▶ _Required action_: Go to the line below that has "Внедорожник / Кроссовер Audi Q5 2015 в Киеве", print it and each line after it exactly, and stop after the line that has "papa leao xiv"; leave out pictures.

▶ _Entries provided_:

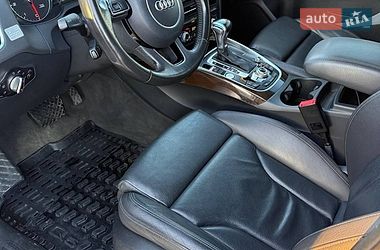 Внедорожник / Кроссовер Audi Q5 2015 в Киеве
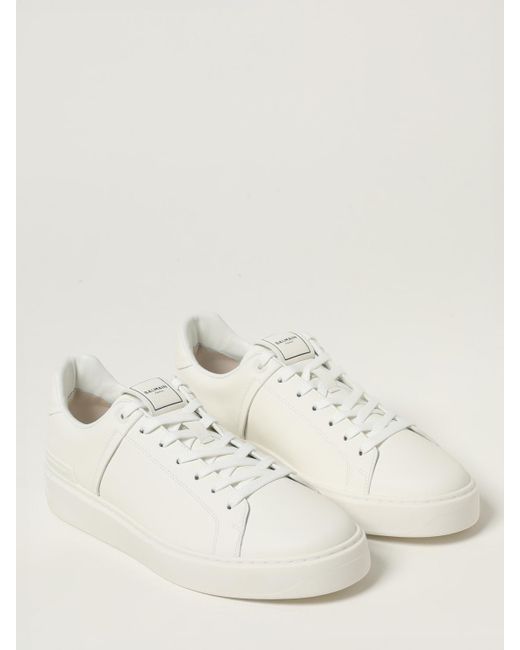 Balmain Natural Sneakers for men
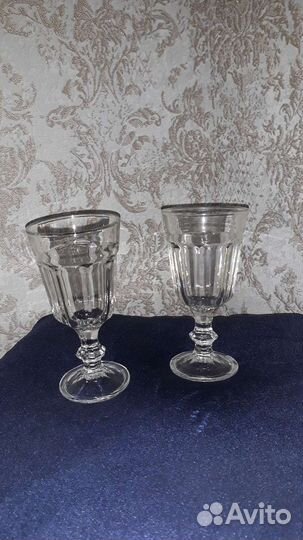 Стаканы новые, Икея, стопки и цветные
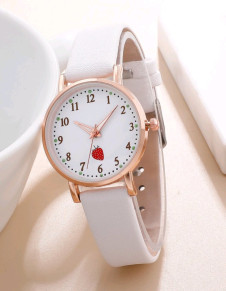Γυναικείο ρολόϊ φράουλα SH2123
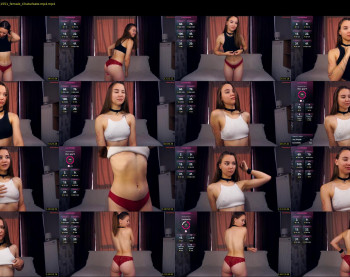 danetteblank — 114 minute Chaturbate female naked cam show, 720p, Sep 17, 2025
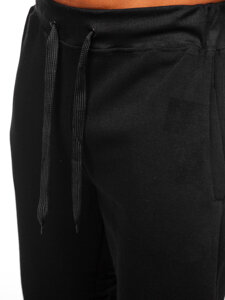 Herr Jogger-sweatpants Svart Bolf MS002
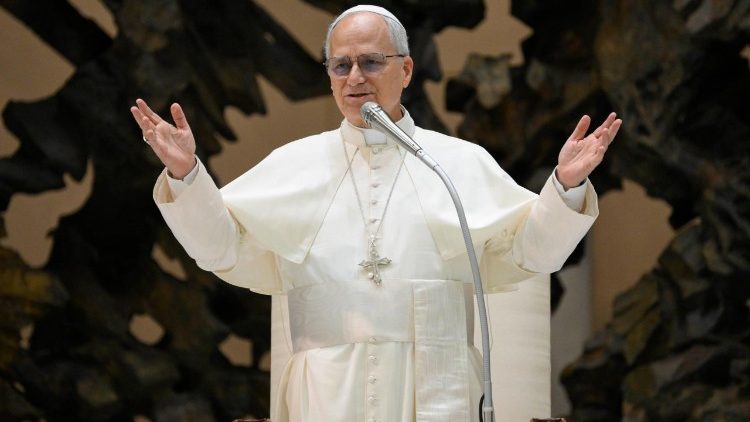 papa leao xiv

--

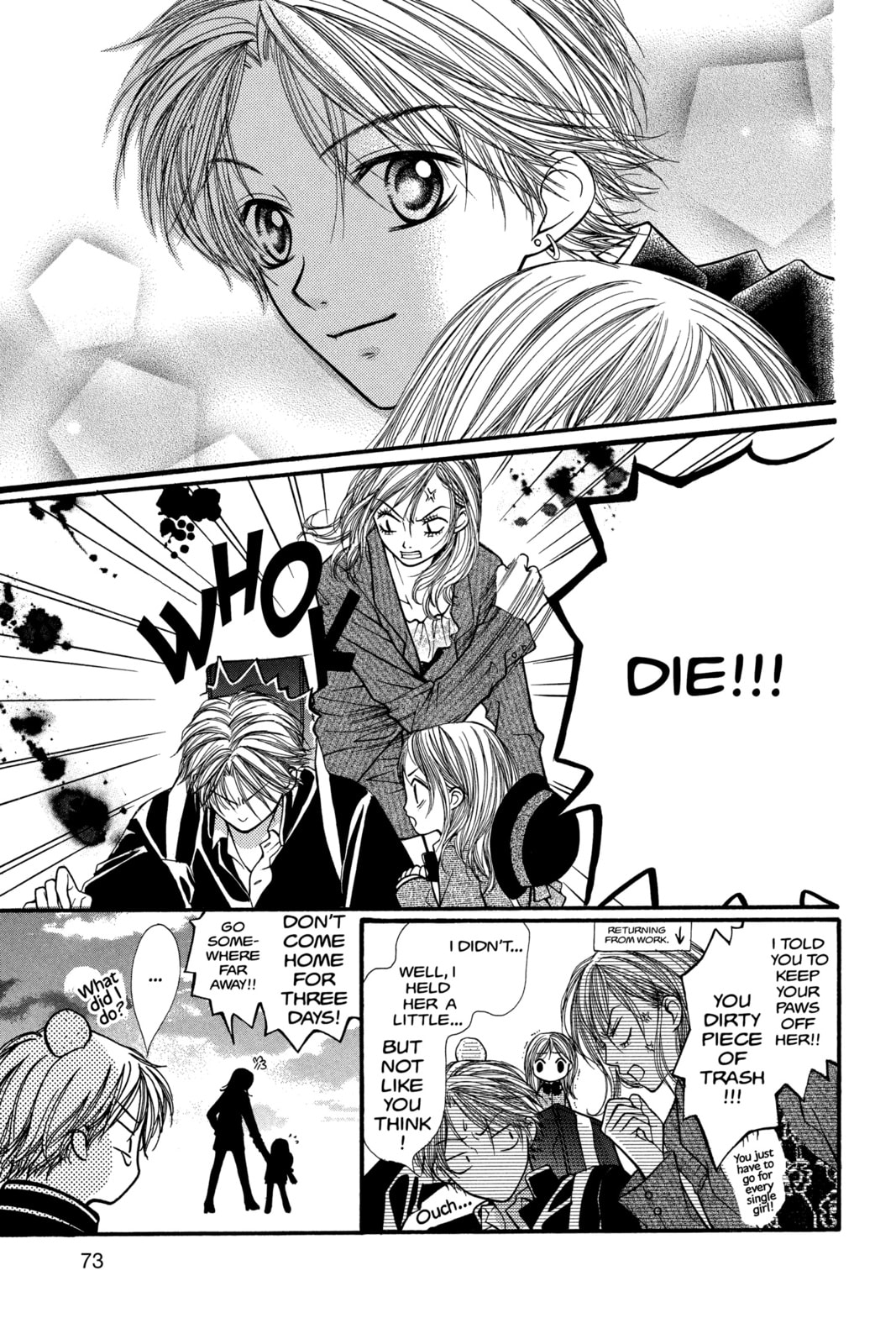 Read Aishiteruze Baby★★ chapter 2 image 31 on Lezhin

--

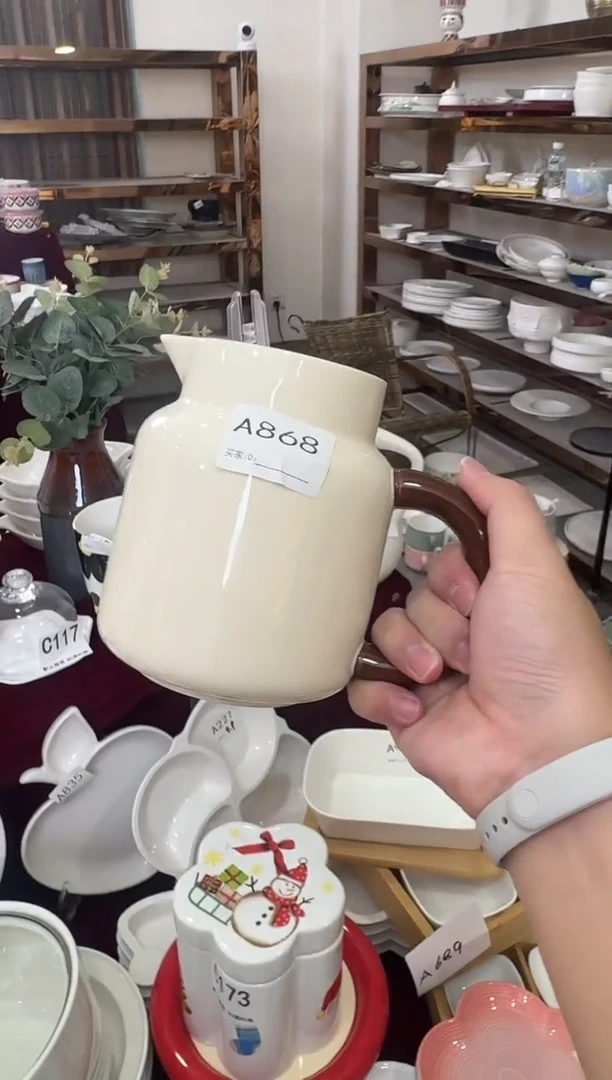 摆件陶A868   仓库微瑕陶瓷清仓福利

▶ _Result of the exercise_:
 Внедорожник / Кроссовер Audi Q5 2015 в Киеве
 Balmain Natural Sneakers for men
 Стаканы новые, Икея, стопки и цветные
Γυναικείο ρολόϊ φράουλα SH2123
 danetteblank — 114 minute Chaturbate female naked cam show, 720p, Sep 17, 2025
 Herr Jogger-sweatpants Svart Bolf MS002
 papa leao xiv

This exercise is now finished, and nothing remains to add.